There’s a piece of advice your mother probably gave you that goes a little something like this: “If you can’t say something nice, don’t say anything at all.”
It’s pretty sound. But just like wearing white after labour day, and wearing camisoles under sheer tops, it’s a rule I’m sure you break every so often. Gossiping about other people is an inevitable part of life, just like death and taxes, so I’m not really here to give you a lecture on how to ameliorate your nasty habit of running your mouth. However, there’s usually that one moment where you’re talking about someone behind their back, and it comes back to bite you in the ass. Literally. They’re right behind you.
Case in point: The Artist.
I went on what probably was a great first date with someone who shall now be named “The Artist.” At least, I think it was a first date, because there was a wholesome activity followed by slightly less wholesome activities, which resulted in the whole night feeling as if I were trapped in a strange mix of a Louis CK episode, a Woody Allen film, and a classic American screwball comedy. Ergo, date. Right?

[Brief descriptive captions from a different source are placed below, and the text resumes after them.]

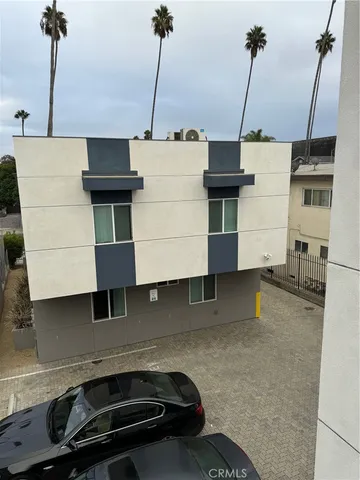 $4,000 | 623 Normandie Avenue, Los Angeles, CA 90004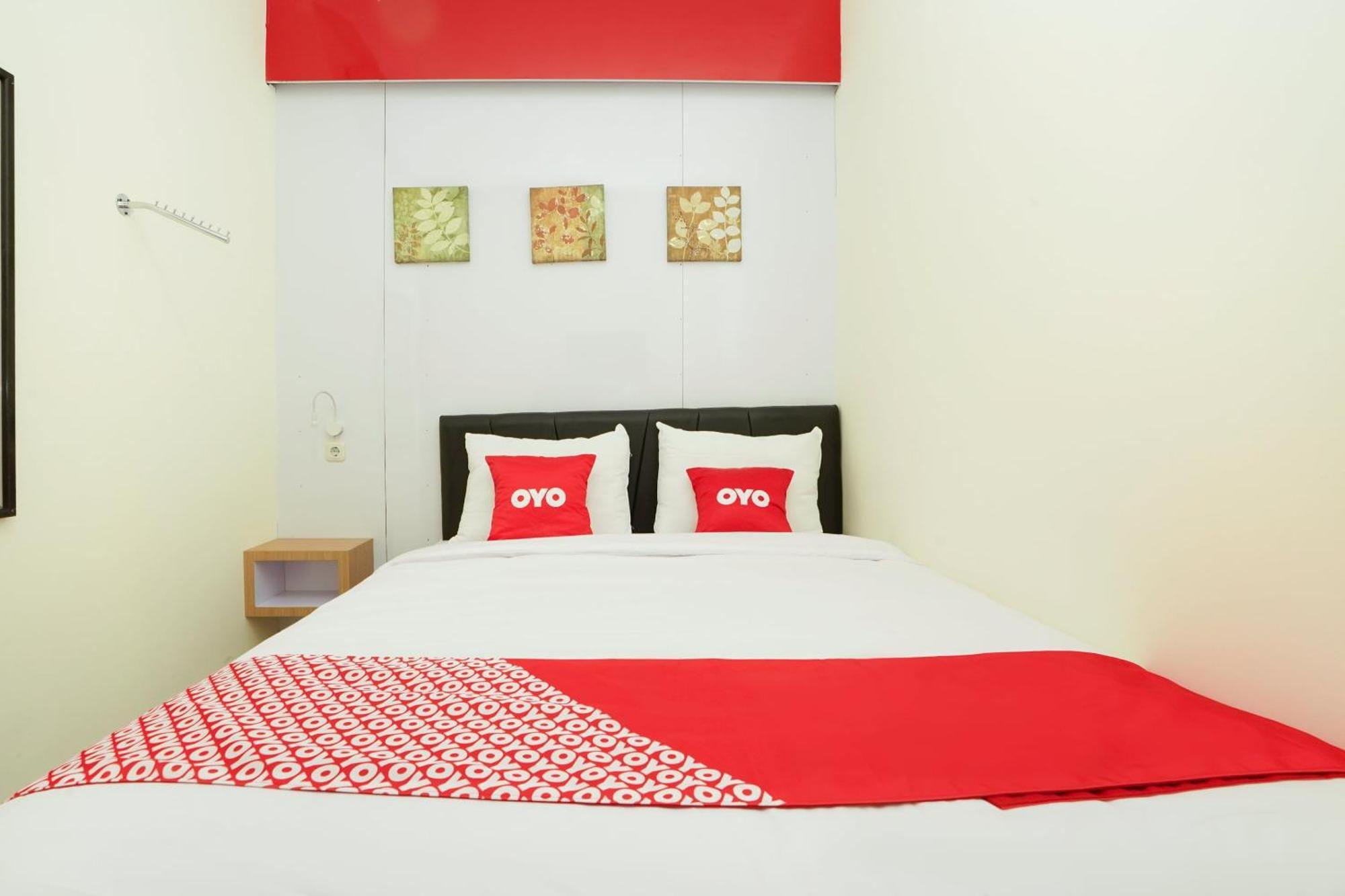 Super Oyo Flagship 3688 Pot Art Hotel Surabaya Exterior foto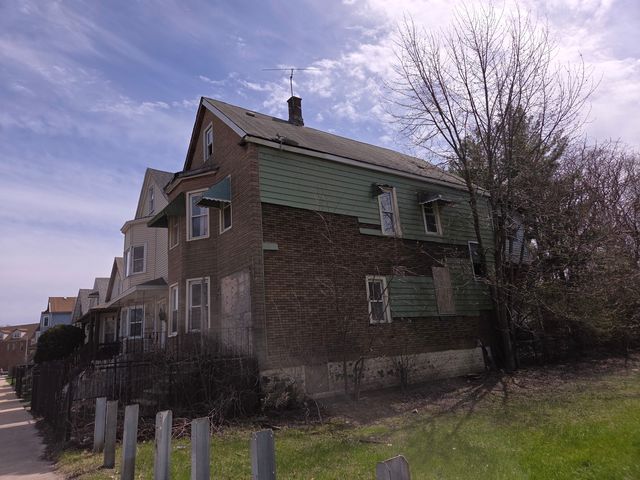 8408 S BAKER Avenue, Chicago, IL 60617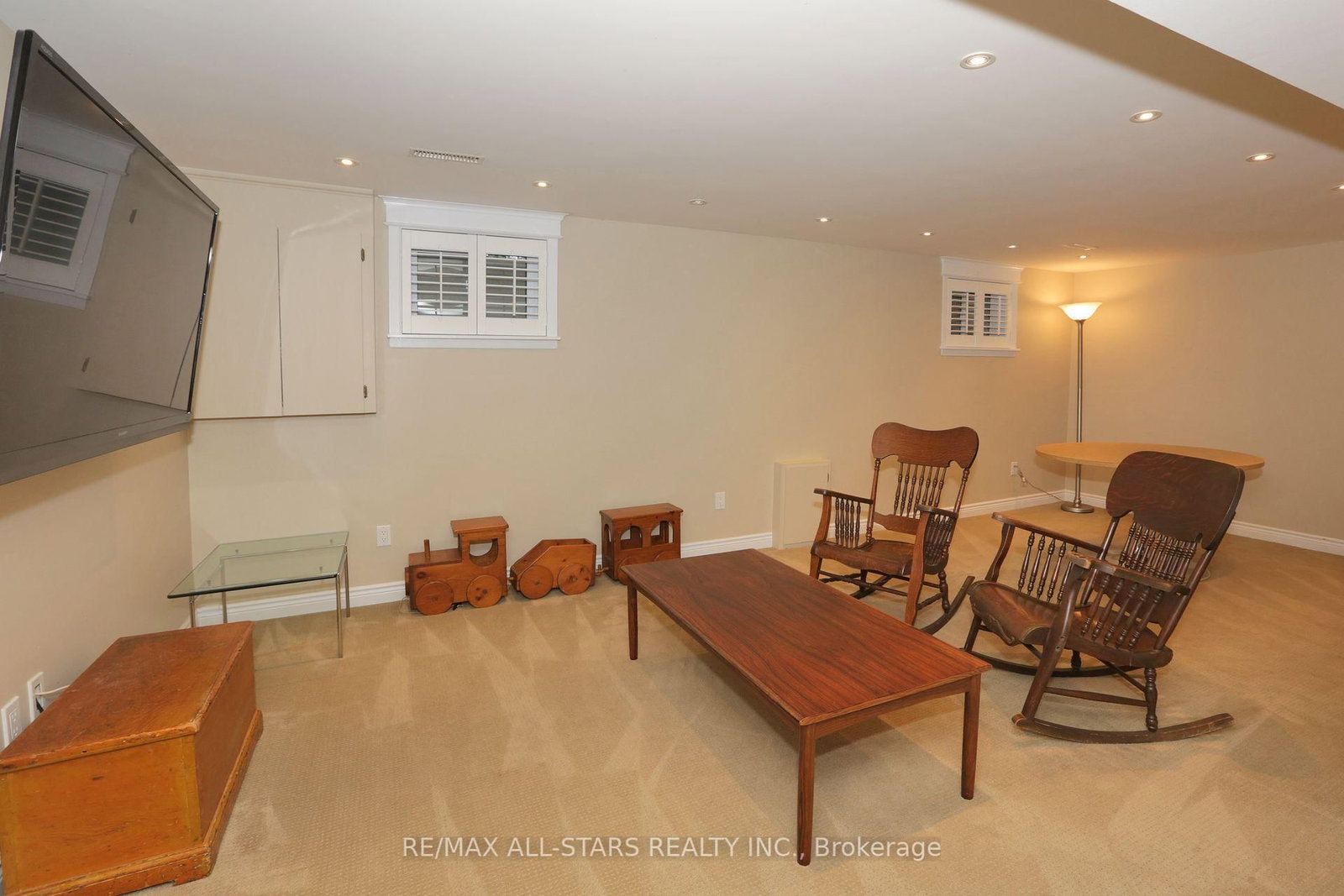 Listing Image 22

It seemed to go pretty well, despite my serious case of resting bitchface syndrome, and being a basket of nerves. But in some alternate universe, that’s kind of charming? Needless to say, and quite expectantly, if something had gone so swimmingly that it can be only described in cinematic terms, the chances of it ever happening again are zero to nil.
Fast forward to a couple days ago. I’m having a late, slightly more liquid lunch with my friend. Somewhat amused by my current man dilemma, I launch into what I like to call the iPhone-stalk-and-bitch. Wherein you stalk your paramour on Facebook while bitching about every single minute detail. The drunker you are when you do this? The cattier you have a tendency to be. Not just cattier…but louder as well.
Do you see where I’m going with this?
So I turn my head over, and across the restaurant there’s the object of my vitriolic affection…
I think the phrase “oh shit” barely even begins to cover the mortification that one could feel in that moment.
Frantically wanting to escape the alcohol induced embarrassment that I seem to have gotten myself into, I grabbed my sunglasses (conveniently oversized should such an occasion ever arise), did my best impersonation of Captain Jack Sparrow (flailing arms and all), and with a self possession that was more comical than anything, barrelled straight past his table, not even stopping to make even the shortest bit of eye contact.
Overdramatic? Yes. Will I ever see him again? Probably not. One for the books? Hell to the fucking yes.
If there’s a lesson to be learned out of any of this: Sometimes we do the craziest things when we’re unfit for social interaction. And long island iced teas are kind of deadly.